Task » The lines from the one containing "Poulets de chair" through the last line below, both ends included, must be reproduced exactly, with no pictures.

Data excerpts

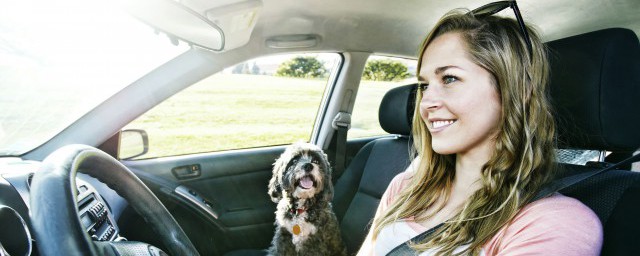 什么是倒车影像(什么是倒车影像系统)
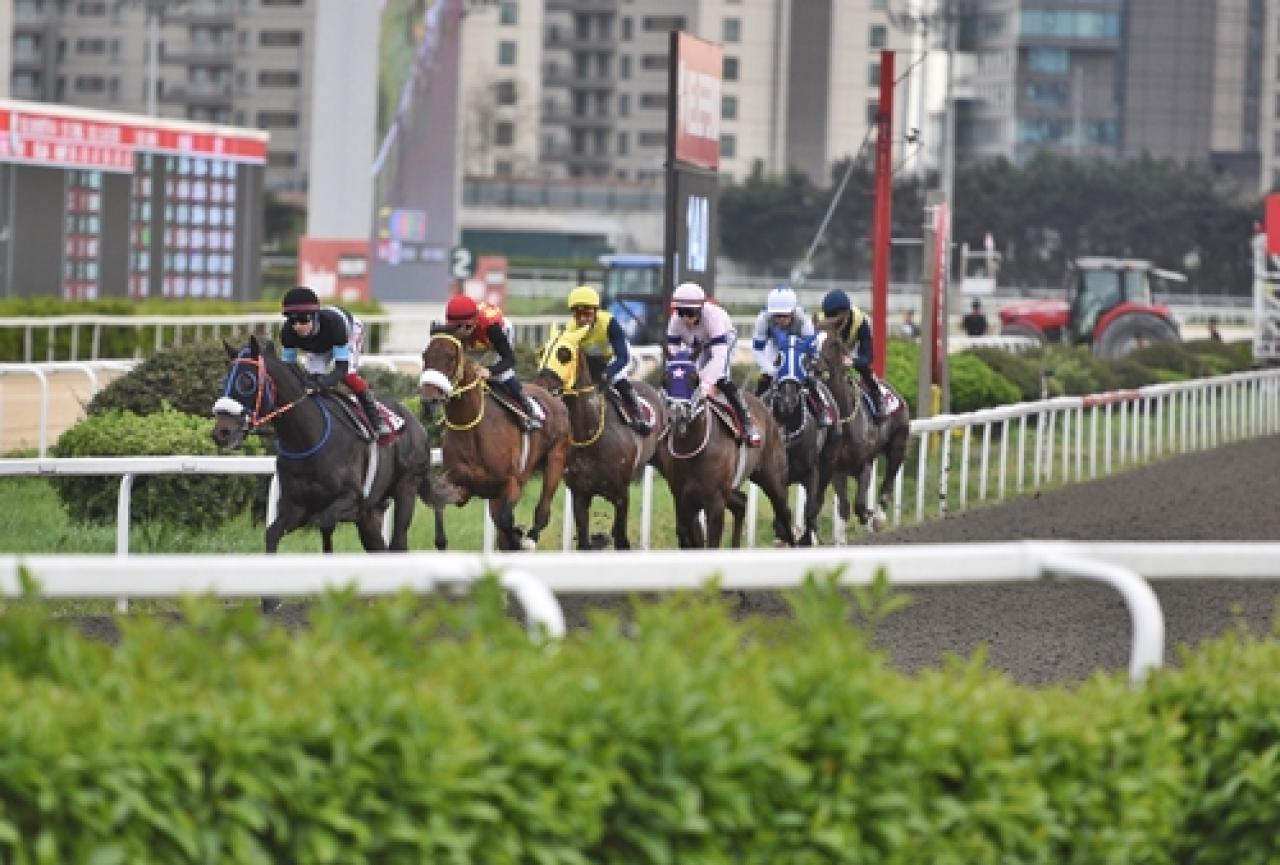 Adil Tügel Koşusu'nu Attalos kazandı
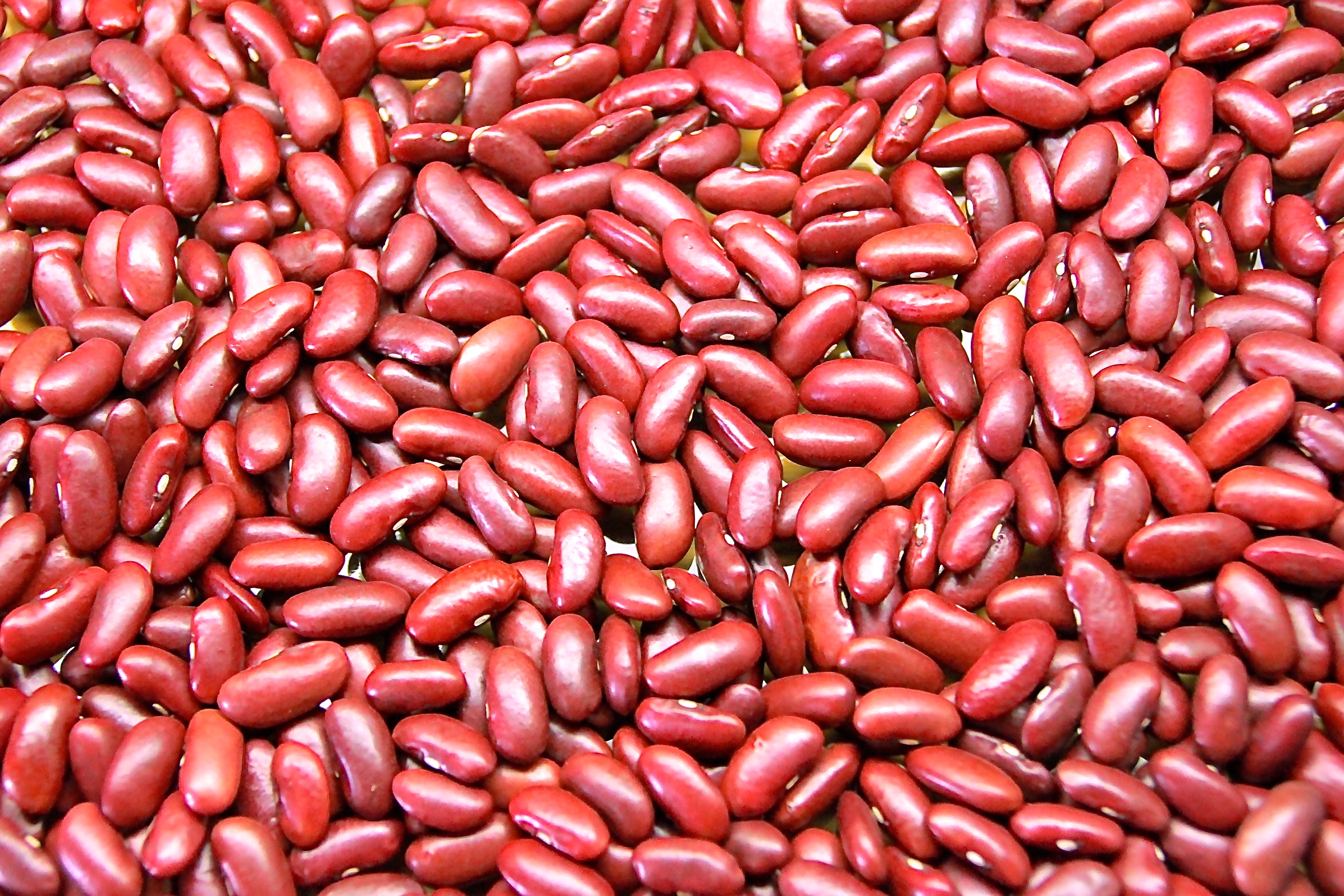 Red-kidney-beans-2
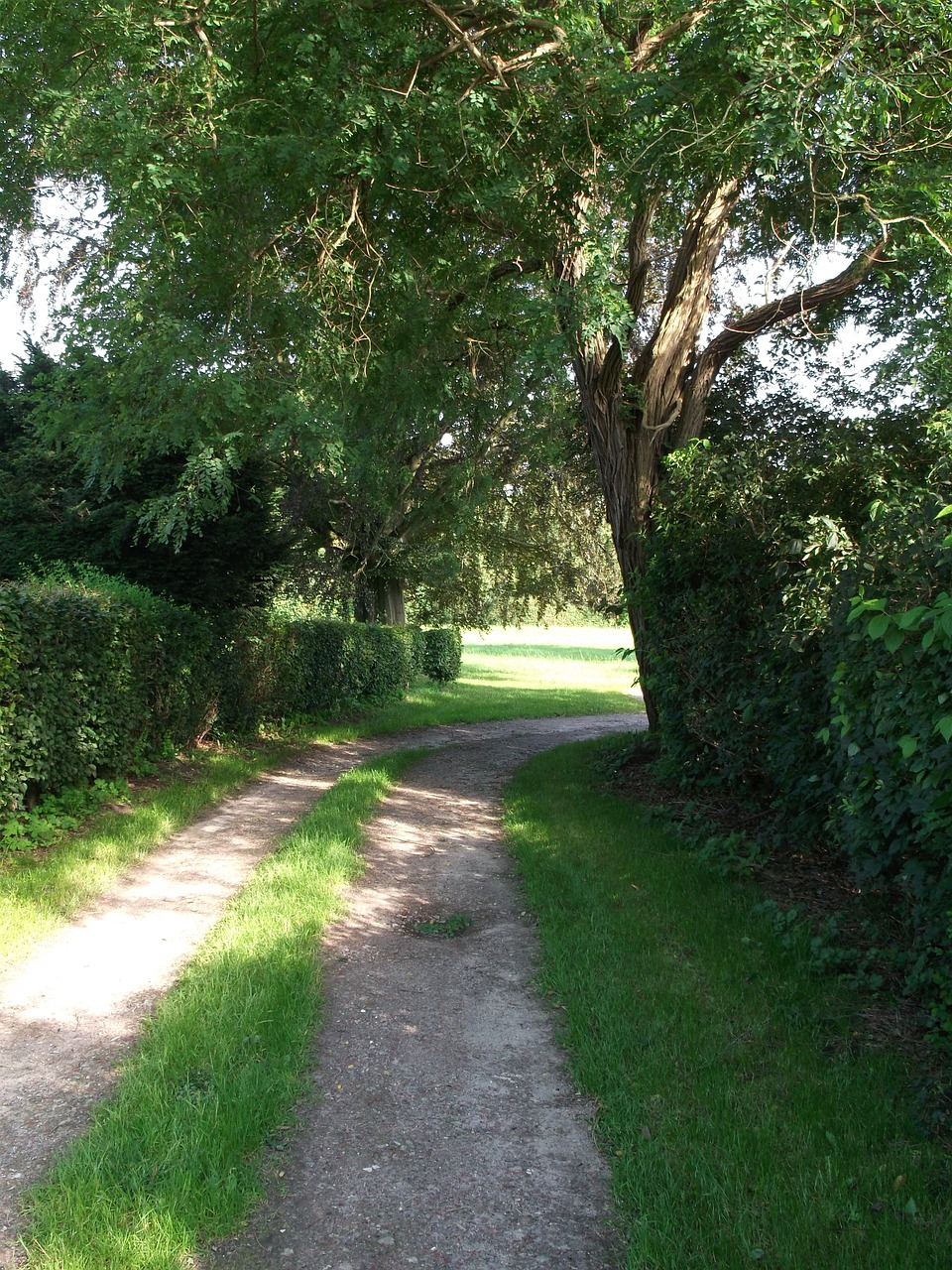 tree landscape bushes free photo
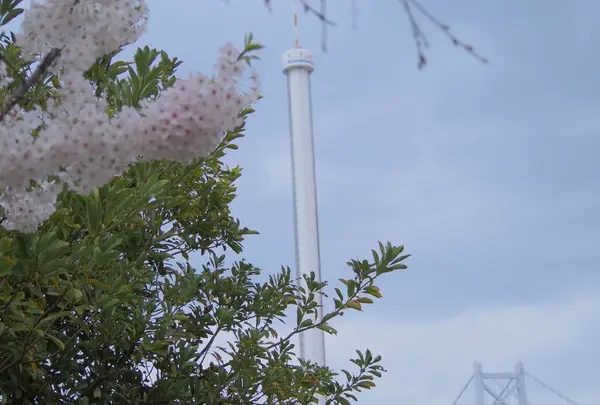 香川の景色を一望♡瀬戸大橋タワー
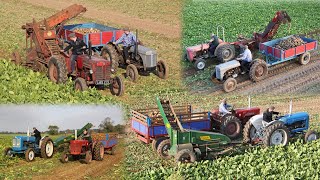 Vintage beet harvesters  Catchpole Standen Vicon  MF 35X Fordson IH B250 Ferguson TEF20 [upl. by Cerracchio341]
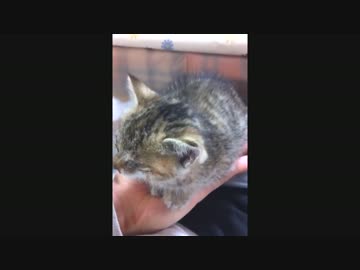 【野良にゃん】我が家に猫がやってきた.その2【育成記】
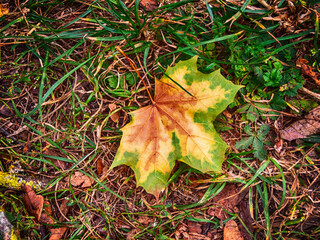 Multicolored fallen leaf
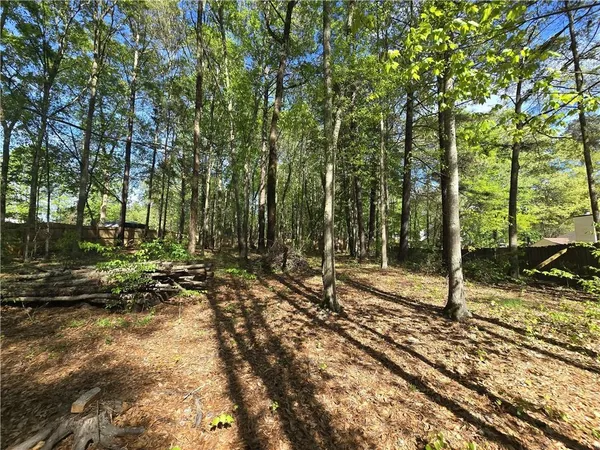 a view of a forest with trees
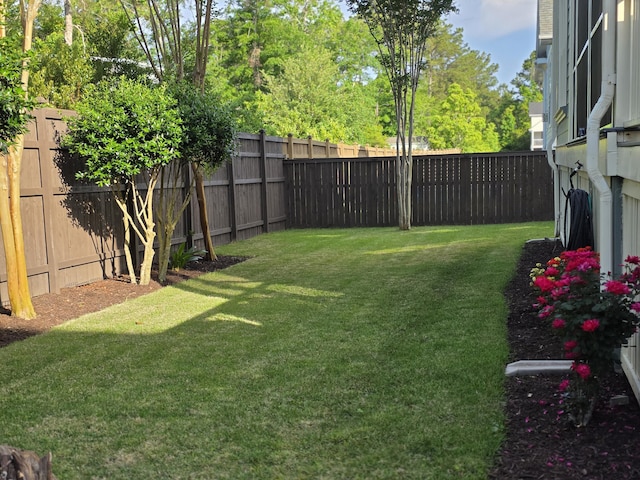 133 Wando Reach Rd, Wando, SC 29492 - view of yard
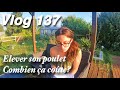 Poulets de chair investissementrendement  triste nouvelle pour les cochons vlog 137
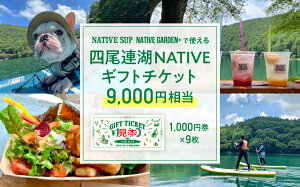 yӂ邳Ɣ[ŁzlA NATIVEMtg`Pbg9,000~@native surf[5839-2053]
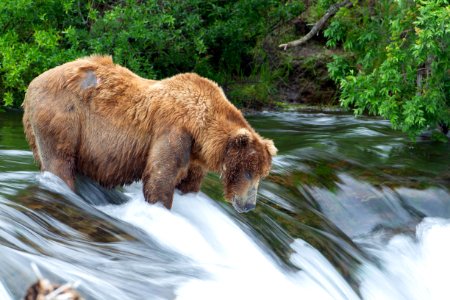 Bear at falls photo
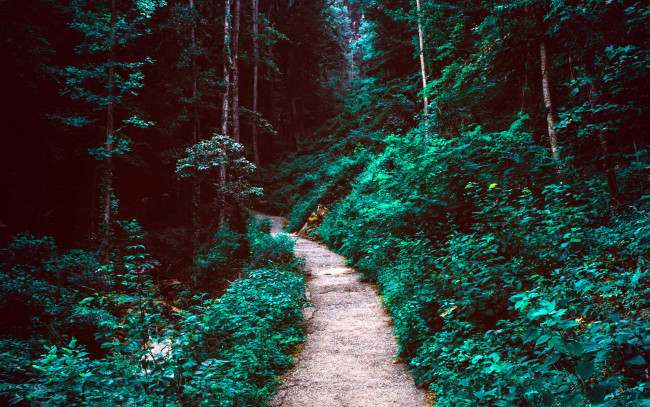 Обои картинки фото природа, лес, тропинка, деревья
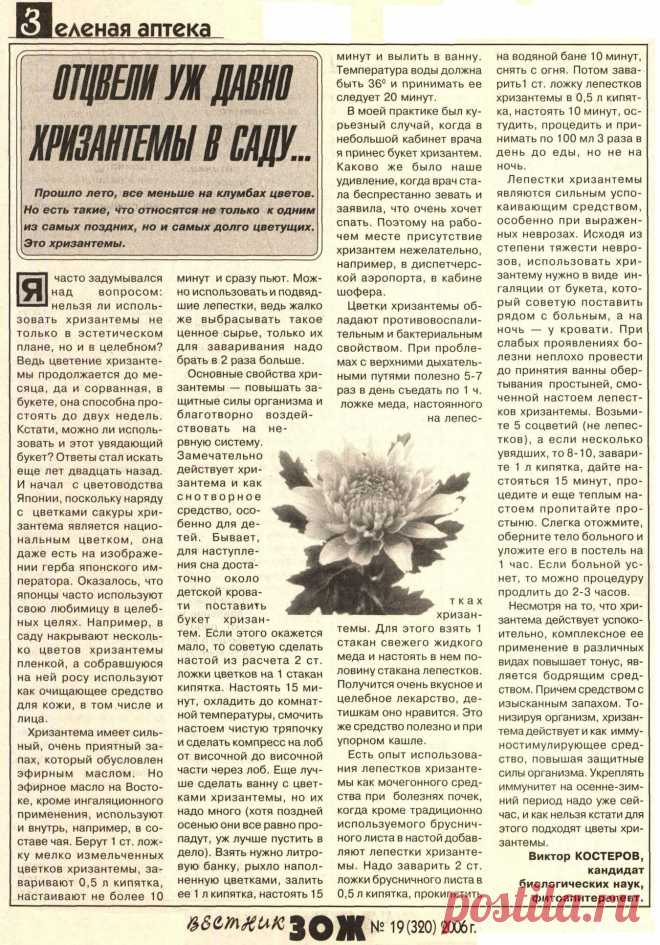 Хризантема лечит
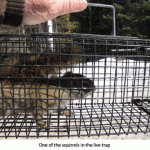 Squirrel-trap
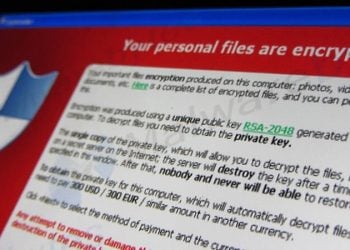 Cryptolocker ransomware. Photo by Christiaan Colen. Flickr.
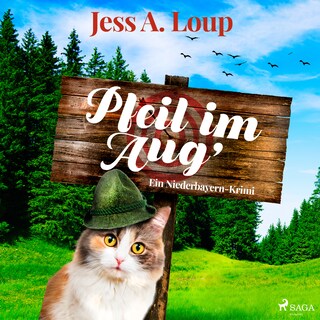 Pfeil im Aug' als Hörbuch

Response area »
 Poulets de chair investissementrendement  triste nouvelle pour les cochons vlog 137
 yӂ邳Ɣ[ŁzlA NATIVEMtg`Pbg9,000~@native surf[5839-2053]
 Bear at falls photo
 Обои картинки фото природа, лес, тропинка, деревья
 Хризантема лечит
 Squirrel-trap
 Cryptolocker ransomware. Photo by Christiaan Colen. Flickr.
 Pfeil im Aug' als Hörbuch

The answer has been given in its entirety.